# Musky Up North



## TopRaider15 (Mar 10, 2015)

Spent the last two days up at Lake Vermilion, still have 1 day of fishing left. Had a shot at 5 landed 2 (40,44.5) both top water.


----------



## Roscoe (Jul 22, 2007)

TopRaider15 said:


> Spent the last two days up at Lake Vermilion, still have 1 day of fishing left. Had a shot at 5 landed 2 (40,44.5) both top water.
> View attachment 219783
> View attachment 219785



Nice job! Good looking Muskies. Keep 'em stuck! Good Luck.


Roscoe


----------



## Legend killer (Apr 20, 2011)

Nice job. I know guys that get blanked up there. What are the conditions? Fat bastards?


----------



## TopRaider15 (Mar 10, 2015)

Legend killer said:


> Nice job. I know guys that get blanked up there. What are the conditions? Fat bastards?

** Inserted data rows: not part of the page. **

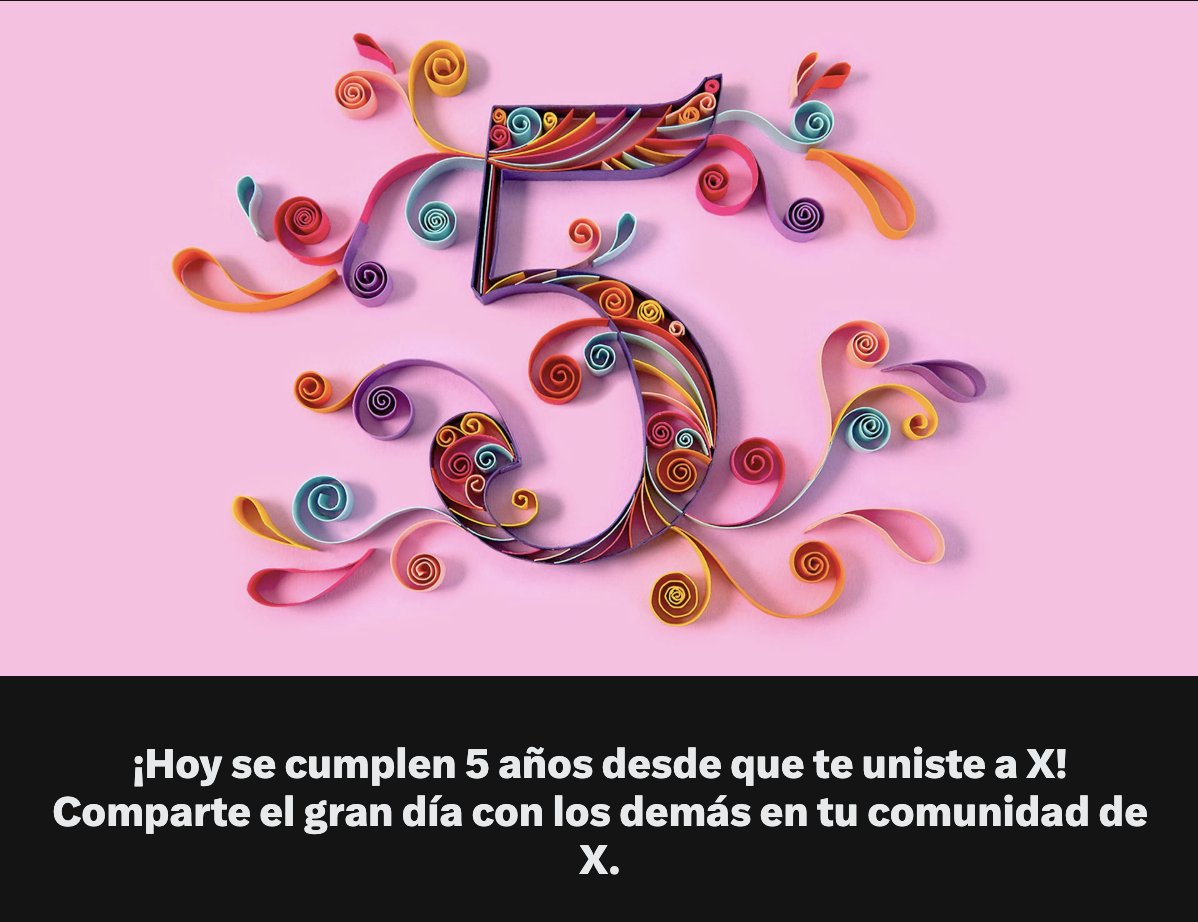 sgadustx's tweet photo. 5 años desde que estoy en esta aplicación de mierda yeiiii🥳🥳 https://t.co/l59rOOOXBU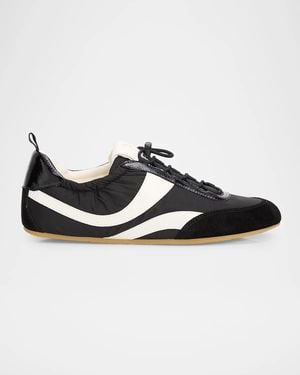 Stuart Weitzman Vander Low-Top Ballet Sneakers - Black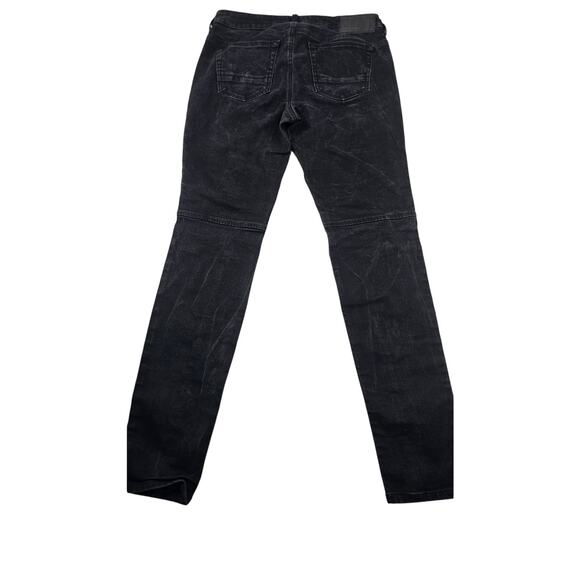 PacSun Other - Pacsun Stacked Skinny Stretch Denim Jeans moto black grunge 30x30 EUC emo y2k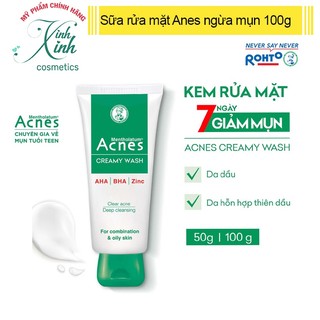 Kem rửa mặt acnes giúp ngừa mụn 100g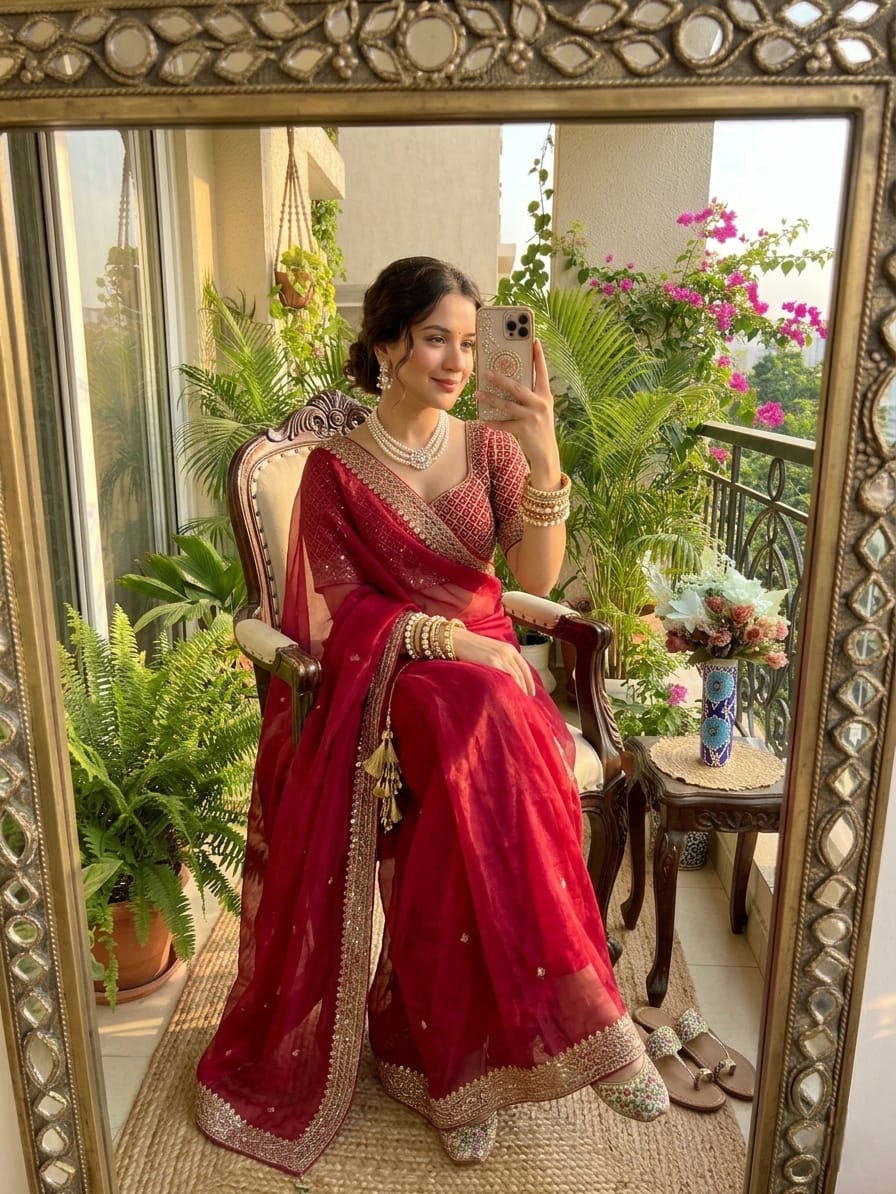 Mar 1 Tissue Saree - Amrah Wholesale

First fish came at 11 pm low wind and patchy clouds, moon was just peaking over tree tops. 2nd fish came the next morning while some rain was moving in and out, pressure falling fast and winds 7-8 NE. 

We moved some way bigger fish later that day just couldn't get any takers. My buddy is a guide up here and they have stuck 8 since 9/16 so the bite has been unusually hot.


----------